The Abacus Property Group (ASX: ABP) share price rose 3.05% today to close at $4.05 on the back of the property group’s first-half earnings release for FY20.
Abacus is a diversified property group that specialises across Australia’s commercial property markets. It invests in a range of activities including office, retail and industrial properties, and self-storage facilities; and also participates in property ventures, developments and property funds management.
What did Abacus report?
During the six months to 31 December 2019, Abacus reported it had acquired over $600 million of business transforming investments.

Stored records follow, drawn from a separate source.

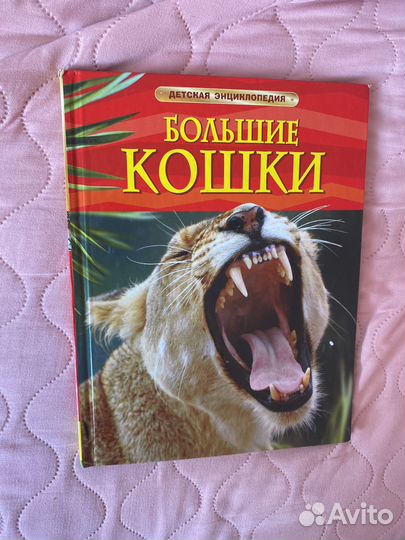 Энциклопедия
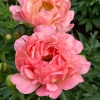 Пион Pink Hawaiian Coral5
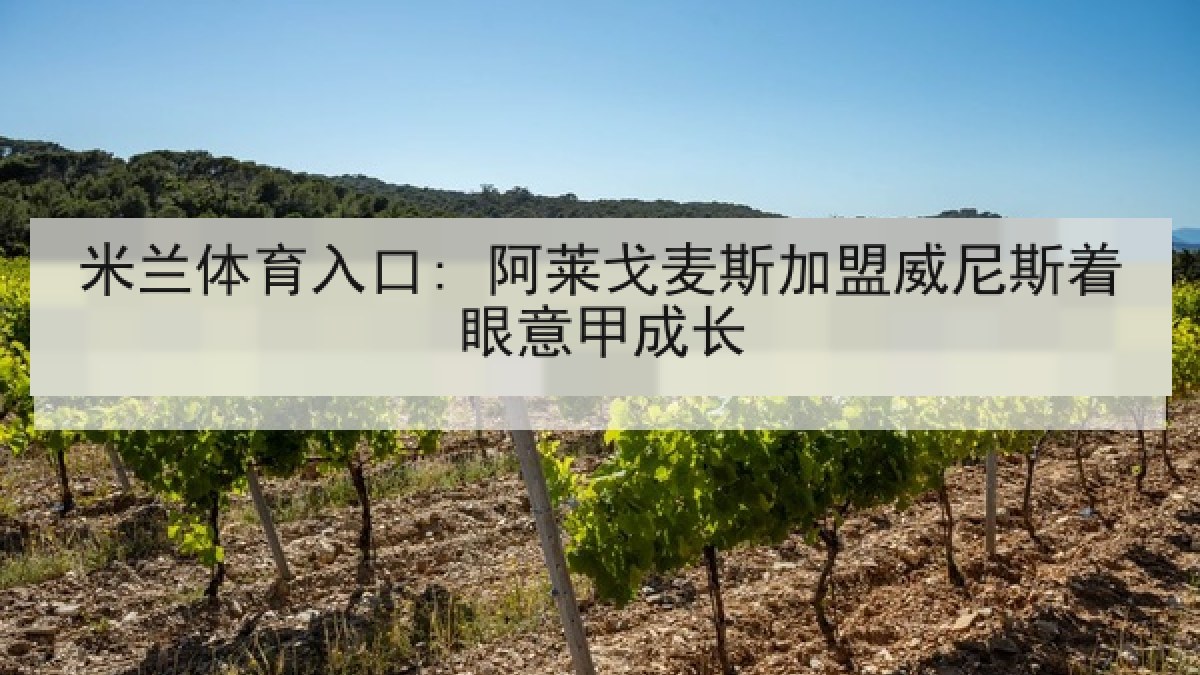 米兰体育入口: 阿莱戈麦斯加盟威尼斯着眼意甲成长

The company increased exposure to its key focus sectors of Office and Self-Storage through a series of acquisitions and joint ventures during the period.
In today’s ASX release, Abacus also reported it has undertaken several transactions to reduce exposure to its non-core legacy investments. It has done this particularly in the Residential Land and Mortgages legacy sector.
These transactions, combined, have resulted in the successful transformation of Abacus’ balance sheet, with 92% of investment assets deployed into some of its key sectors.
Decline in profit, but an increase in funds from operations
Abacus reported group statutory profit of $82.1 million in HY20, a 36% decline from the $127.8 million reported in the prior corresponding period (pcp). However, Abacus Funds from Operations (FFO) came in at $67.3 million which was a 3% increase from the $65.3 million reached in HY19.
FFO per security came in at 10.59 cents, down 6% from 11.27 cents that Abacus recorded HY19. Meanwhile, Abacus announced distribution per security of 9.45 cents for the half-year period, up 2.2% on the pcp.
Gearing came in at 16.2%, down 810 basis points on the 2019 financial year, while proforma gearing was 26.8%, up 270 basis points on FY19. Net tangible assets per stapled security came in at $3.41 which was up 2.4% on FY19.
Over $600 million of capital deployed
During the period, Abacus reported the deployment of over $600 million of capital. This included a $311 million acquisition in North Sydney; a $202 million acquisition for a 32% interest in Elizabeth Street, Sydney; and the progressing development of its co-owned building in Church Street, Richmond Victoria.
Abacus also recorded non-core capital recycling of over $150 million in both the residential and retail sectors.
To round out its results, Abacus remains positive on its outlook and market positioning in the Office and Self-Storage sectors and confirmed distribution guidance of 2% to 3% growth for FY20.
Commenting on the results, Abacus Managing Director Steven Sewell said, “Abacus remains committed to executing on its investment strategies as evidenced in HY20, resulting in Abacus increasing its investment in quality Office and Self Storage assets in target markets and strengthening recurring earnings.”
“Our clear focus remains on acquiring assets that will provide income growth, create value over the longer term and deliver superior risk adjusted returns for our investors,” he added.